Hasta lo que se ha dicho, el superdelegado será el encargado de operar los programas sociales en su estado. Es decir, coordinará la entrega de los millonarios recursos que se harán llegar a grupos de población vulnerable y a sectores sociales y económicos estratégicos.

Se supone que el superdelegado deberá también coordinar los trabajos políticos de los representantes populares y gobernantes de Morena en el estado. Eso lo convertiría en una especie de comisario político que asumirá las funciones metaconstitucionales que tenía el delegado de Gobernación.

Hasta antes que lo designara coordinador de los delegados federales en el estado, las atribuciones legales del delegado de la Segob se limitaban a sancionar juegos y sorteos, amén de supervisar las tareas de espionaje y análisis político que realizaba el ya extinto Centro de Investigación y Seguridad Nacional (Cisen).

En su papel de comisario político, con el arranque del periodo presidencial –por mencionar el caso de Colima– la superdelegada tiene el reto de terminar el desbarajuste que se ha dado en el Congreso local y en los ayuntamientos de mayoría morenista, acosados por fuerzas extrañas que se aprovecharon de la orfandad política que vivieron diputados y alcaldes durante el interregno.

Nada más con esas dos encomiendas tendrían los superdelegados para entretenerse. Aun así, les quisieron cargar la responsabilidad de relevar al gobernador de su obligación de mantener el orden público y la paz social.

ENSEÑAR LAS CARTAS

Las nuevas mesas de seguridad no pueden continuar la inercia de tres órdenes de gobierno que se ignoran mutuamente, y se culpan unos a otros de la situación regional.

Al gobernante estatal que vuelva a argüir en su defensa que los ayuntamientos no están haciendo su parte en la prevención de los delitos, el representante federal debería pedirle cuentas respecto al número de delitos del fuero común que han sido resueltos por la fiscalía local.

La criminalidad en México ha crecido tanto que en amplias zonas del país se vive un Narcoestado. Sin embargo, restaurar el Estado de derecho no es un asunto sólo de policías, y menos de preventivos municipales. La escala en la que se da la delincuencia organizada supera el ámbito de acción de un ayuntamiento y, en muchos casos, de un gobierno estatal.

Hay que rescatar municipio por municipio, estado por estado. Y dado el poder de fuego de grupos criminales que actúan como verdaderas fuerzas beligerantes, la amnistía de la que habla AMLO podría acabar siendo un armisticio.
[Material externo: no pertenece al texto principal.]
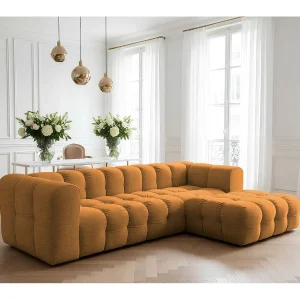 Baloo L hoekbank, voor de woonkamer, Moly-stof, rechts, oranje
La importancia de estas mesas de seguridad radica en la posibilidad de ventilar, al más alto nivel, la innegable minusvalía de algunos alcaldes para enfrentar a la delincuencia organizada; la eventual complicidad de gobernadores en industrias ilegales que no se limitan al trasiego de drogas o al narcomenudeo, sino que abarcan trata de personas, secuestro, extorsiones y cobro de piso; así como la probable implicación de mandos castrenses en negocios ilícitos.

Que esas mesas sirvan, pues, para fijar metas y exigir resultados. A fin de evitar filtraciones, algunos operativos de las fuerzas armadas se conocerán hasta después de ejecutarse. Pero otros asuntos tendrían que verse al día. Por ejemplo, tras la comisión de homicidios dolosos no puede transcurrir más que un breve lapso de tiempo antes de que la Fiscalía General de ese estado tenga integrada la carpeta de investigación.

Es en estas mesas donde gobiernos estatales y municipales deberán reclamar que siga habiendo retenes paramilitares que son, en realidad, puntos de atraco. Mientras que el gobierno federal y los ayuntamientos podrán reprochar a los estados aquellos delitos comunes que suelen quedar impunes, como si pertenecieran a un fuero especial: el de los propios delincuentes que ajustan cuentas con quienes infringen sus códigos de honor y de comercio.

En esas mesas los ayuntamientos podrán presentar el resultado de sus observaciones respecto al narcomenudeo, y reclamar de las autoridades estatales y federales mejores equipos para vigilar el entorno urbano y rural mediante cámaras y drones.

Hemos padecido durante años a autoridades que son sordas y ciegas respecto a la actividad criminal, porque no quieren ver ni oír lo que pasa en sus demarcaciones. Las mesas deben propiciar que ninguno de los tres órdenes de gobierno permanezca, además, mudo: esto es, callado sobre lo que sabe y ante lo que necesita preguntar.